The encounter with Maya in the library haunted Amelia for days. The journalism major's knowing smirk and cryptic warning were a siren's call, tempting her toward a dangerous truth. She tried to focus on her stories, on her classes, but the puzzle of Vale Corp was a splinter in her mind, festering.
She finally found Maya in the campus newsroom, a chaotic space buzzing with the energy of a dozen impending deadlines. Maya was at a computer, surrounded by empty coffee cups, her fingers flying across the keyboard.
"You," Maya said without looking up. "Knew you'd cave. Close the door."
Amelia did, the noise of the hallway cutting off abruptly. "What did you mean, I'm not the only one?"

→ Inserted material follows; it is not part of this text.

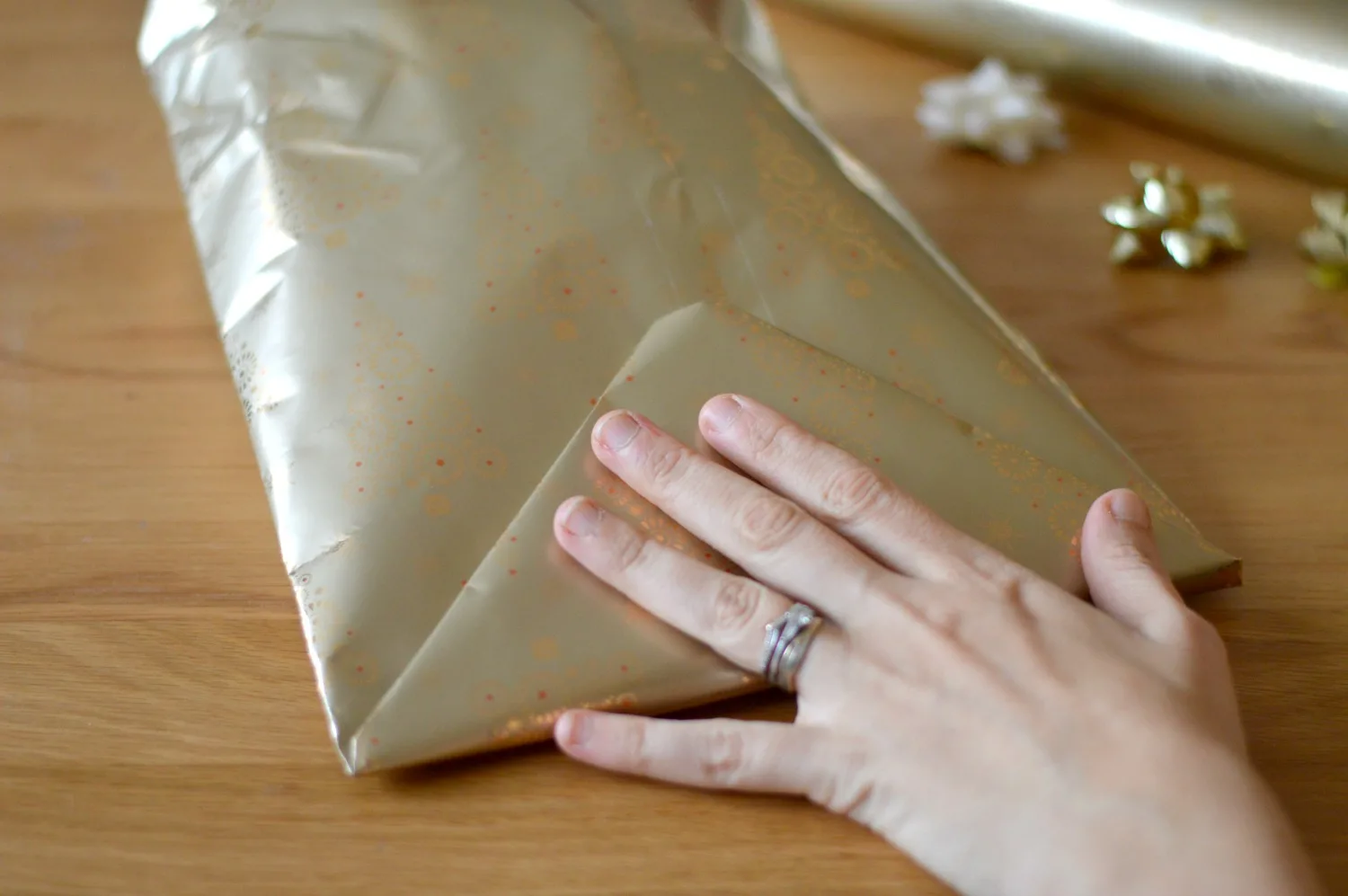 Folding the top of the gift bag
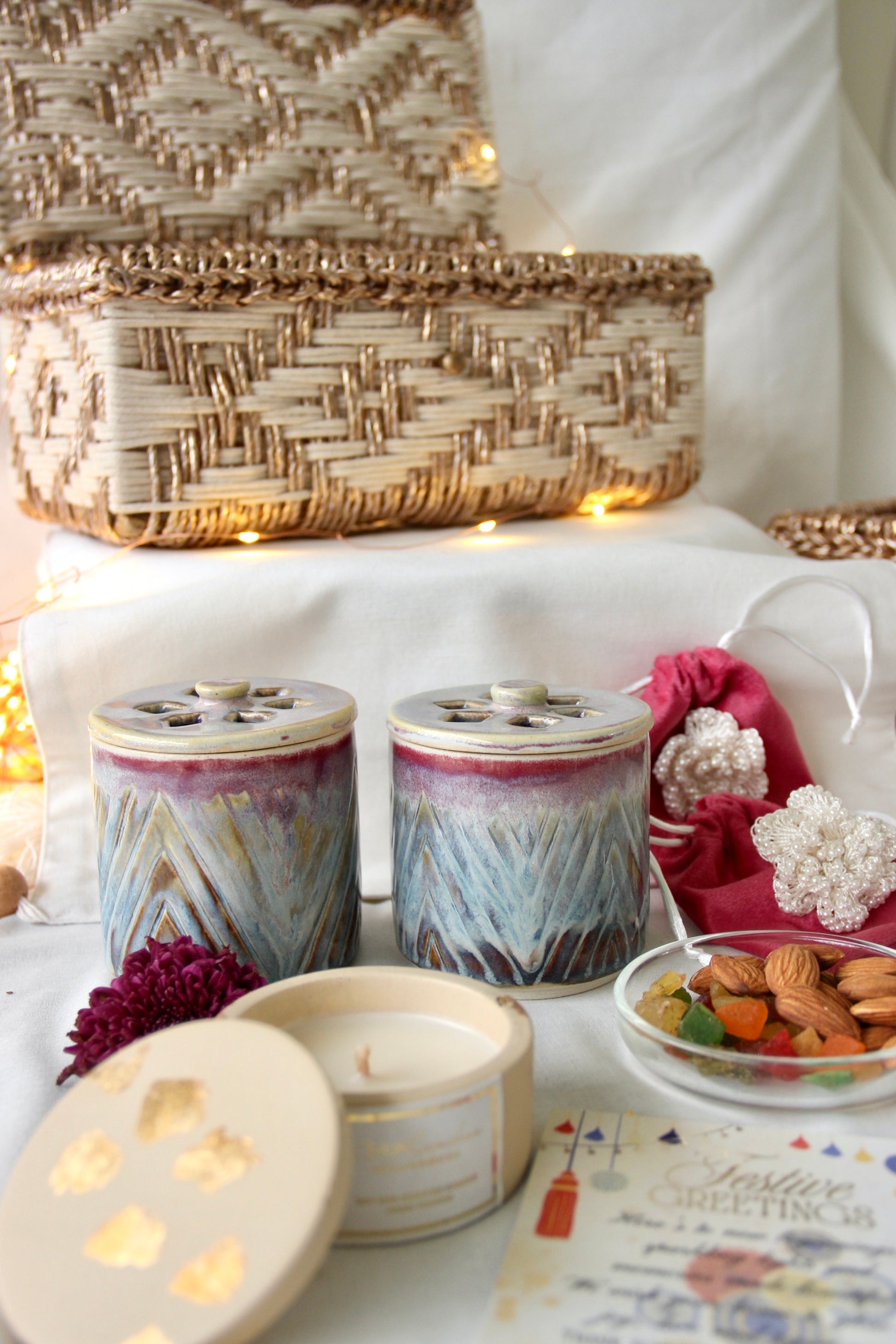 Decorative scene with candles, a woven basket, and small items on a white surface.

Maya spun in her chair, her eyes bright with the fervor of a hunter on a scent. "I mean the Vale Corporation's financials are a work of fiction. A really, really profitable one. I've been following the trail for six months. It's all smoke and mirrors. Phantom projects, inflated assets." She leaned forward, her voice dropping. "My source inside says the pressure is building. The whole thing is a house of cards, and the wind is picking up."
"A source?" Amelia's mouth went dry. "Inside the company?"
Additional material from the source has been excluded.